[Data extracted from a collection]
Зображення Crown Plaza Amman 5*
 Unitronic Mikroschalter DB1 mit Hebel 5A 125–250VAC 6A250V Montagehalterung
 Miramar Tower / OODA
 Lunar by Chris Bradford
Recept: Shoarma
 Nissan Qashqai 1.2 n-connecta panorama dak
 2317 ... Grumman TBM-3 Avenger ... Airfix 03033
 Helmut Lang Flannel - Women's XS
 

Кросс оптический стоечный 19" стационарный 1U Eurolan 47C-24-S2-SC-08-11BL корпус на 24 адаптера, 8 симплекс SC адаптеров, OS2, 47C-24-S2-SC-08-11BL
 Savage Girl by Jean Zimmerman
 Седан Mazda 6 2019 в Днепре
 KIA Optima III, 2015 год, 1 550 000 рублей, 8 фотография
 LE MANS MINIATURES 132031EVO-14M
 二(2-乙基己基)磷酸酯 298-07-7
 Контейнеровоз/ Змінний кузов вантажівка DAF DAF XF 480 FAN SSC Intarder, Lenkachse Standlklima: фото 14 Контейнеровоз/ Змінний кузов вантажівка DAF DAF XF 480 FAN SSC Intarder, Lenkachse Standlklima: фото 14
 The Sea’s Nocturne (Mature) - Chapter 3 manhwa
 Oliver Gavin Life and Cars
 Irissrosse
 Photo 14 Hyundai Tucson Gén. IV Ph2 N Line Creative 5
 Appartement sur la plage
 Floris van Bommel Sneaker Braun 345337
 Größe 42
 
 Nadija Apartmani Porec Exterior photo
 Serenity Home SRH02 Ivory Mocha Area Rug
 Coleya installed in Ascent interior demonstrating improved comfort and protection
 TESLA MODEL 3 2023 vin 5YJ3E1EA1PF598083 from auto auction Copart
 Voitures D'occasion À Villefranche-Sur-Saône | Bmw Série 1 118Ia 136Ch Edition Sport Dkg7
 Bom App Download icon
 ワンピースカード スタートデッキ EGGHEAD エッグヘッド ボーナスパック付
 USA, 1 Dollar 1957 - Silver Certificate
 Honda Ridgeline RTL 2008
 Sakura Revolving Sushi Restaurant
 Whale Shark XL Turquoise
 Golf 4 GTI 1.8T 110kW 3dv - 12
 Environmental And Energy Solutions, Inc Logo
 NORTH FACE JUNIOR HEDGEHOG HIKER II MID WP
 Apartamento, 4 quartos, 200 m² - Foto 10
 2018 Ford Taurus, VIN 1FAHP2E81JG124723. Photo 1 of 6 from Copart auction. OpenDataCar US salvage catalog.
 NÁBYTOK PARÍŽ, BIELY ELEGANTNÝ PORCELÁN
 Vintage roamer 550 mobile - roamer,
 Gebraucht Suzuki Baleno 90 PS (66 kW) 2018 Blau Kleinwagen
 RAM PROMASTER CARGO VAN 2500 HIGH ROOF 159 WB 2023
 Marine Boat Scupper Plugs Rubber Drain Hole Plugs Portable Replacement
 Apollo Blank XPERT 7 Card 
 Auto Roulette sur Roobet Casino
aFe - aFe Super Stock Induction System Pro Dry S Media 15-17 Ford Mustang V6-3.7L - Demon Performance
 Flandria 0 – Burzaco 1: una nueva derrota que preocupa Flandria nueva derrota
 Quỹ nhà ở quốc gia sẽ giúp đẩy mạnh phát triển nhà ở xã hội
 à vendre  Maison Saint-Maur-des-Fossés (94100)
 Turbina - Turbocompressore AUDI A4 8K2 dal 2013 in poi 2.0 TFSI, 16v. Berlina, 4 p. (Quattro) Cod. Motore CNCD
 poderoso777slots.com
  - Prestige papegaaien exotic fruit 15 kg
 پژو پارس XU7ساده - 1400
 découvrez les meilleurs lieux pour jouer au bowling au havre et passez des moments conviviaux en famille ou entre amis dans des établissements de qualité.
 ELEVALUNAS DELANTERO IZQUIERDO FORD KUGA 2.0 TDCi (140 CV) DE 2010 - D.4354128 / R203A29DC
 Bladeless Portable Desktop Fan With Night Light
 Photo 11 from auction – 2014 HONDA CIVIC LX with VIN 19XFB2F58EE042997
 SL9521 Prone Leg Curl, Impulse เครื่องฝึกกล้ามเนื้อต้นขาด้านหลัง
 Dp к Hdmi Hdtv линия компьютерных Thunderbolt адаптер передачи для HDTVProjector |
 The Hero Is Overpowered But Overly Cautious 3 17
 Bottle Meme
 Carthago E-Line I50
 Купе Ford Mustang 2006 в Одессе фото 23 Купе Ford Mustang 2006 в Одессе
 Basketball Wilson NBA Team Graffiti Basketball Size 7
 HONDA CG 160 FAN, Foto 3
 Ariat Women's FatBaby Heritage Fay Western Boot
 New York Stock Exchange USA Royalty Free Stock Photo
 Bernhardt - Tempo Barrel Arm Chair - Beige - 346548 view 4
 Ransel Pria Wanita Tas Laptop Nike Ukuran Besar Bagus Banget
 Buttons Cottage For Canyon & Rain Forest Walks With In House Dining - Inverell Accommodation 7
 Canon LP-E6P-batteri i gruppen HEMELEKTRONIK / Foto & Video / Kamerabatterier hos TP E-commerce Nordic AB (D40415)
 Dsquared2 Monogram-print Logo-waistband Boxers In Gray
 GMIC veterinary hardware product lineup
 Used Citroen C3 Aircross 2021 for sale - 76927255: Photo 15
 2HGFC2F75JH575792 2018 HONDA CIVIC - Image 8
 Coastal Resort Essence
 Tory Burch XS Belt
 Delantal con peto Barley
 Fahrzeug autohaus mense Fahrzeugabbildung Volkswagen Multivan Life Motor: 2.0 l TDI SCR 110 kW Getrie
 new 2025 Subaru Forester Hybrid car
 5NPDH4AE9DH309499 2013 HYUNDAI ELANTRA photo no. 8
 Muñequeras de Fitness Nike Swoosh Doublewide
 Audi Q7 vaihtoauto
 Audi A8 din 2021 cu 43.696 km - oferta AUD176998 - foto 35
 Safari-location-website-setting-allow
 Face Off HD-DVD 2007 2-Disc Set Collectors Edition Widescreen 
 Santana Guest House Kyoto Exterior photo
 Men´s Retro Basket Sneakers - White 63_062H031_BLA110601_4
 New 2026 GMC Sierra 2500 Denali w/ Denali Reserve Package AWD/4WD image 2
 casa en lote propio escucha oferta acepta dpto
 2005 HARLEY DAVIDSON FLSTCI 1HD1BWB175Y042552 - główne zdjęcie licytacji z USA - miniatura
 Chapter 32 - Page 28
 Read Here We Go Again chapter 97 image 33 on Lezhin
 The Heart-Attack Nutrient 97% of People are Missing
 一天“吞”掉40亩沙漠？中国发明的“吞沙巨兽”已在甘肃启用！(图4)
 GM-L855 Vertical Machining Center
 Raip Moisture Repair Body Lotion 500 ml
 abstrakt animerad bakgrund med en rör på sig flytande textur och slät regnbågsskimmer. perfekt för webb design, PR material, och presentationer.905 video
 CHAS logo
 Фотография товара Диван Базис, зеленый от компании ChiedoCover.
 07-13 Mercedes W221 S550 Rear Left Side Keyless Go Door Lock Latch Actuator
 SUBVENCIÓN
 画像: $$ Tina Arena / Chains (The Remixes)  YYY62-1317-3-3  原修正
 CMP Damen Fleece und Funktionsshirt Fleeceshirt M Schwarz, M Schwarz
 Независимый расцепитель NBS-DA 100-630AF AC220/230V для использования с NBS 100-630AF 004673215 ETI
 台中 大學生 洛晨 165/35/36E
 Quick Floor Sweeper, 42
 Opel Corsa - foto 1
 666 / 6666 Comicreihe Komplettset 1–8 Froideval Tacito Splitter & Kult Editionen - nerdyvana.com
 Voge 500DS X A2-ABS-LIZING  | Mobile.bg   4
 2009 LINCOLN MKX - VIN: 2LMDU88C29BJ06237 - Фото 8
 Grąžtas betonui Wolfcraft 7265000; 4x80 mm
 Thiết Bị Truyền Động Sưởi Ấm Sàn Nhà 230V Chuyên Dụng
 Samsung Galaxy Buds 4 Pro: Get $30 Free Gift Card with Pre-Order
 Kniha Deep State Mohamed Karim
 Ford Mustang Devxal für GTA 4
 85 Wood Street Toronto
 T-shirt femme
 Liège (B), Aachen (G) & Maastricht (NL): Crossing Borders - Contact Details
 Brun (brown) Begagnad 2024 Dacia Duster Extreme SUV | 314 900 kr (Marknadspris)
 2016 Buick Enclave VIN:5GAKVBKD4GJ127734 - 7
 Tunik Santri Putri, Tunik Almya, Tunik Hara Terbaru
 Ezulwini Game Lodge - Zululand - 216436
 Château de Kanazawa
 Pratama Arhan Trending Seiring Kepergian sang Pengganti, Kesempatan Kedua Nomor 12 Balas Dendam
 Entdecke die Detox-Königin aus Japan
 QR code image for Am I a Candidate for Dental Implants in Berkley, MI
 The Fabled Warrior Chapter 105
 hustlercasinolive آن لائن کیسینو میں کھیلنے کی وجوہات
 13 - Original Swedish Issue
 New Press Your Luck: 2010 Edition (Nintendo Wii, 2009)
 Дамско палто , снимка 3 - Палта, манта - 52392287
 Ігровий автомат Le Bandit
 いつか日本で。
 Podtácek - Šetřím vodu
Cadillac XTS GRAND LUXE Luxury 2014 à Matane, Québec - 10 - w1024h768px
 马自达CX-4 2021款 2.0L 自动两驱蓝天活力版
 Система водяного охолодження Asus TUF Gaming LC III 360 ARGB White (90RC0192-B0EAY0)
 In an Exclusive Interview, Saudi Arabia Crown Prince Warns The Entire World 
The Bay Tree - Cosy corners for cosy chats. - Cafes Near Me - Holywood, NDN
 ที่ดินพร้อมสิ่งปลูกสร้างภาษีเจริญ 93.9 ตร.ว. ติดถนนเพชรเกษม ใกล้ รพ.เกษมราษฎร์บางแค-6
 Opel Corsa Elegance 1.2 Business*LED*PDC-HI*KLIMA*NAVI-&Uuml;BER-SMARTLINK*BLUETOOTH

What is needed: Using the entries above, output exactly the lines between the line holding "LE MANS MINIATURES 132031EVO-14M" and the line holding "Appartement sur la plage", end lines included, and nothing more.

Answer for the task:
 LE MANS MINIATURES 132031EVO-14M
 二(2-乙基己基)磷酸酯 298-07-7
 Контейнеровоз/ Змінний кузов вантажівка DAF DAF XF 480 FAN SSC Intarder, Lenkachse Standlklima: фото 14 Контейнеровоз/ Змінний кузов вантажівка DAF DAF XF 480 FAN SSC Intarder, Lenkachse Standlklima: фото 14
 The Sea’s Nocturne (Mature) - Chapter 3 manhwa
 Oliver Gavin Life and Cars
 Irissrosse
 Photo 14 Hyundai Tucson Gén. IV Ph2 N Line Creative 5
 Appartement sur la plage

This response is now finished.